I never found myself as someone beautiful. There was always something wrong with how I looked. Whether it be my nose being too big, my crooked smile, or how I felt too skinny.
I've spent my whole life searching left and right for a reason to find myself beautiful.
I found nothing.
But I'm learning that self-confidence doesn't mean I find myself wonderful. It means that despite the struggle, I'm learning to accept this vessel that I call home.
Because in the end, we aren't remembered for how much makeup we wore, the pounds on our body, or the physical features we're dissatisfied with.
In the end, we are remembered for the things we did that mattered: the people we touched, the goals we accomplished, and the light that we spread around us.
And with that, I'm finding who I am on the outside more beautiful as well. I don't feel as ashamed when I look in the mirror. I'm realizing that my genuine smile lights up my entire body.

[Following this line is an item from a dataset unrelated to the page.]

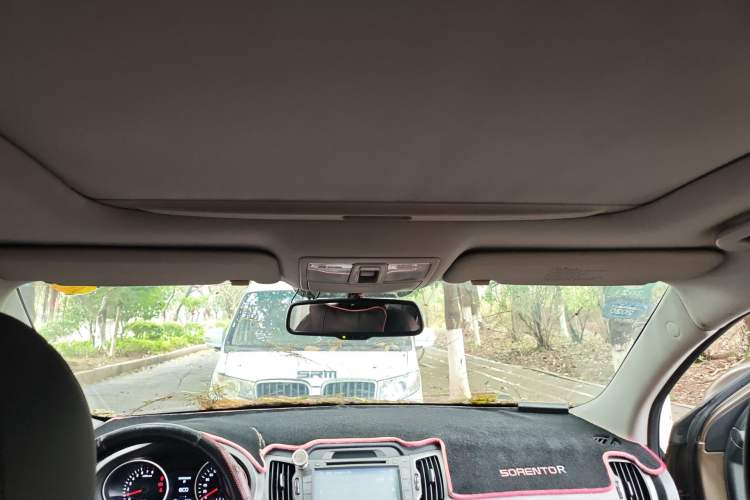 Used Kia Sportage R 2015 2.0L Automatic Two-Wheel Drive DLX Model Headliner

For once yesterday, I felt truly beautiful inside and out.
I felt happy with myself. I couldn't stop smiling in pictures. I kept thinking "Is this what it's like to feel content with being yourself?"

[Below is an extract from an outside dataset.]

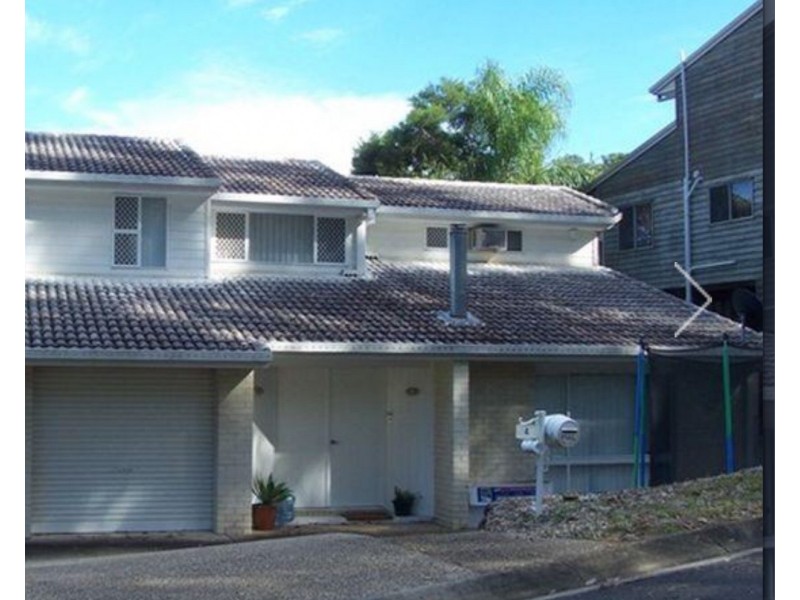 33 Barber Road, Ferny Hills QLD 4055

I don't expect this to happen all the time. And if it hasn't happened to you, keep going. It took me five years to finally feel this way and it's been worth every step of progress in this positive direction.
Not everyday is easy and not everyday feels worth it but trust me, it is.
-I wrote this to document how proud I felt to be who I am and to remember that though all my days won't feel this great, another one will come again.
Don't forget to love yourself too as you're going about your day today.